Lightning Men At Mirawarri is powerful in a way you have to see to understand. Opaque paint is trowelled rhythmically across the canvas, and the combination of two large crescent shapes, which represent men meeting, with the alien colour in the background makes the painting hum with a special energy.
Tillers’ room contains four paintings. Each contains appropriation that is revealed and concealed by carefully composed text. The canvasses come to feel like a flickering newsreel with what may seem like disjointed grabs of time. No wonder Tillers’ work has been described as creating and inhabiting a third space. After Civilization (for Geoff Bardon) (1986) is an early work using a composition inspired by Giorgio de Chirico as well as the design of the Forecourt mosaic, Parliament House, inspired by Jagamara’s Possum and Wallaby Dreaming painting. The two works take the sinewy line of Emily Kame Kngwarreye’s yam dreaming paintings. One of these, Surrender, uses text from Australian playwright Janis Balodis, who, like Tillers, has a post-WWII Latvian heritage. Black lines creep across this painting and are tangled with the text ‘wave after wave after wave.’ This juxtaposition clearly communicates universal feelings of transience, dispossession and oppression.

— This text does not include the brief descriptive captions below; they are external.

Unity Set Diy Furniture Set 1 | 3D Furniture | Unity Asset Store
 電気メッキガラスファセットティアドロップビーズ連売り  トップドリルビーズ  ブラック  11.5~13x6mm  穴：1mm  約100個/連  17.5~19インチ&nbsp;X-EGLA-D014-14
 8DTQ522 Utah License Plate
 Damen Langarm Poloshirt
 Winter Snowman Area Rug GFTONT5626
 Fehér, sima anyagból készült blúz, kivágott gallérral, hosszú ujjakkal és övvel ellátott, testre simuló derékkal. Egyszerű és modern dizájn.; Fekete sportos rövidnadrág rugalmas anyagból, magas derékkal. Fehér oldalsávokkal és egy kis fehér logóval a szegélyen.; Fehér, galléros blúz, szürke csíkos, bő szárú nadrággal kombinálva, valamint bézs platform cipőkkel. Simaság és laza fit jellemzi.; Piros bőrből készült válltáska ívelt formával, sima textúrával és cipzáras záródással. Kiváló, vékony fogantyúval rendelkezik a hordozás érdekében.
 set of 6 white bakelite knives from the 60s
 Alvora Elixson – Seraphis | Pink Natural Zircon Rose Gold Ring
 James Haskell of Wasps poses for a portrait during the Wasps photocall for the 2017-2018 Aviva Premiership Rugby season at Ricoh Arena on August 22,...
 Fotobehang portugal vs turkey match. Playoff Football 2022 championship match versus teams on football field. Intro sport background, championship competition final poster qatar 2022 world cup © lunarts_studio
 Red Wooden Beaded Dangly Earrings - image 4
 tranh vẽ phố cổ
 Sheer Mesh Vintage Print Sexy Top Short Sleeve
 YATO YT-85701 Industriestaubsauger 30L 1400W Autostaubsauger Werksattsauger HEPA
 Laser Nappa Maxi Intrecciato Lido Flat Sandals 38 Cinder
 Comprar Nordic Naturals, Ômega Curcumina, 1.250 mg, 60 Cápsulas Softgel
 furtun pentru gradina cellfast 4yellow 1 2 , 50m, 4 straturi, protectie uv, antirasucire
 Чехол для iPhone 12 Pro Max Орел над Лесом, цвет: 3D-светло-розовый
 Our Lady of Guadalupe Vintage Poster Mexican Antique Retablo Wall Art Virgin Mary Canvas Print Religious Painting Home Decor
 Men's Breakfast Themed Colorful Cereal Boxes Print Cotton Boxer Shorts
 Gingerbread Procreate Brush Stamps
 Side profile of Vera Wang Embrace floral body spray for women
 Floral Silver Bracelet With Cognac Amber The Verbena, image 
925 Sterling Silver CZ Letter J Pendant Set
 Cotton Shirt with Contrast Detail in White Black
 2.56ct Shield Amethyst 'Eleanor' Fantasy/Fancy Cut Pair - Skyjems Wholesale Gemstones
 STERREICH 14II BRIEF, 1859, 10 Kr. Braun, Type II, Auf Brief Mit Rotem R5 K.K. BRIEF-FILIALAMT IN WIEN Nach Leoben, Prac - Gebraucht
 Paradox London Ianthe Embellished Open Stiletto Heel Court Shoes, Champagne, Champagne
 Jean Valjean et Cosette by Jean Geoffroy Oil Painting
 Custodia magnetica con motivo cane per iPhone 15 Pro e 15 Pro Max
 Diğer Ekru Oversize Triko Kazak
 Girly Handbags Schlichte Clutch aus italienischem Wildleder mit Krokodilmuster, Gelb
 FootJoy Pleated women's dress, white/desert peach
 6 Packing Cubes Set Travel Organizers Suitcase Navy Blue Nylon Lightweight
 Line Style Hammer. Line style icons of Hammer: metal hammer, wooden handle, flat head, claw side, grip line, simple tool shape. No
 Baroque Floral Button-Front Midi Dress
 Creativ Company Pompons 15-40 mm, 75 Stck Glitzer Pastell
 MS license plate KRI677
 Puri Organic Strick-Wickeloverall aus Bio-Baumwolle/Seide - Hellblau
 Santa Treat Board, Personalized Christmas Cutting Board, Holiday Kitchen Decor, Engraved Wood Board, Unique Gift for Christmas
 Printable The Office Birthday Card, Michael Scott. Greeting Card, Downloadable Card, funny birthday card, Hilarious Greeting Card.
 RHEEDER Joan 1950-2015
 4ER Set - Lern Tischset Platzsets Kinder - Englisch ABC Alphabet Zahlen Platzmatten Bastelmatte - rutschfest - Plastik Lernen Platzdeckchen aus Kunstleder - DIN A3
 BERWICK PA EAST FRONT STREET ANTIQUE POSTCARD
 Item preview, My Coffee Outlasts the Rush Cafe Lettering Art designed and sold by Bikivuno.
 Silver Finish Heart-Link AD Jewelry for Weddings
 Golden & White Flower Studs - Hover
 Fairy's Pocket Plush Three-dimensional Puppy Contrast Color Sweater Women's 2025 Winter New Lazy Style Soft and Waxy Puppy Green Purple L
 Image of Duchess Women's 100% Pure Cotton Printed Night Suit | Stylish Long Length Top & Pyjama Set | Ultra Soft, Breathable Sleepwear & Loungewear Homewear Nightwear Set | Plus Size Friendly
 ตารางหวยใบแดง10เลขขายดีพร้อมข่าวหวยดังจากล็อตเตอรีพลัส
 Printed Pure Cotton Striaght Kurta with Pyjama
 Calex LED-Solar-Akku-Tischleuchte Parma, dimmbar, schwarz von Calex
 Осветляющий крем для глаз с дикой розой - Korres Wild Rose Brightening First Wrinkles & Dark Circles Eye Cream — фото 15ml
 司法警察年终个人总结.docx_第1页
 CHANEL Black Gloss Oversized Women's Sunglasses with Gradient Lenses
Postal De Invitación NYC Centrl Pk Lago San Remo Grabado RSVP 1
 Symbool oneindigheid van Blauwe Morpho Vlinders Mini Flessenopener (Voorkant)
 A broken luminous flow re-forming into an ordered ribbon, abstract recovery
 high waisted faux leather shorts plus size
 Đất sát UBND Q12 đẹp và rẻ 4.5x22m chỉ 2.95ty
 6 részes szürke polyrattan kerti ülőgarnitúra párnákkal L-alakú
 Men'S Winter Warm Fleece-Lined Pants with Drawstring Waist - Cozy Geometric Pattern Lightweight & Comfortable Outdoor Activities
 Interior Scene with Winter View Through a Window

This exhibition is bookended by two rooms; one with Jagamara’s lyrical paintings of possum and lightning dreamings from his early years to now, where his iconography has become bolder and his experimentation with paint has a quiet confidence. Tillers’ room has an ‘Alice in Wonderland’ appeal, as you walk into the space and are suddenly dwarfed by the scale of the paintings and ideas with their complex references to art history and the heavy footprint of colonisation. The collaboration strives for a middle ground and it is a pleasure to view, whether or not you know the loadedhistory.
The Loaded Ground is currently showing at The Drill Hall Gallery until Sunday September 23. The gallery is open Wed-Sun, 12pm-5pm. Free.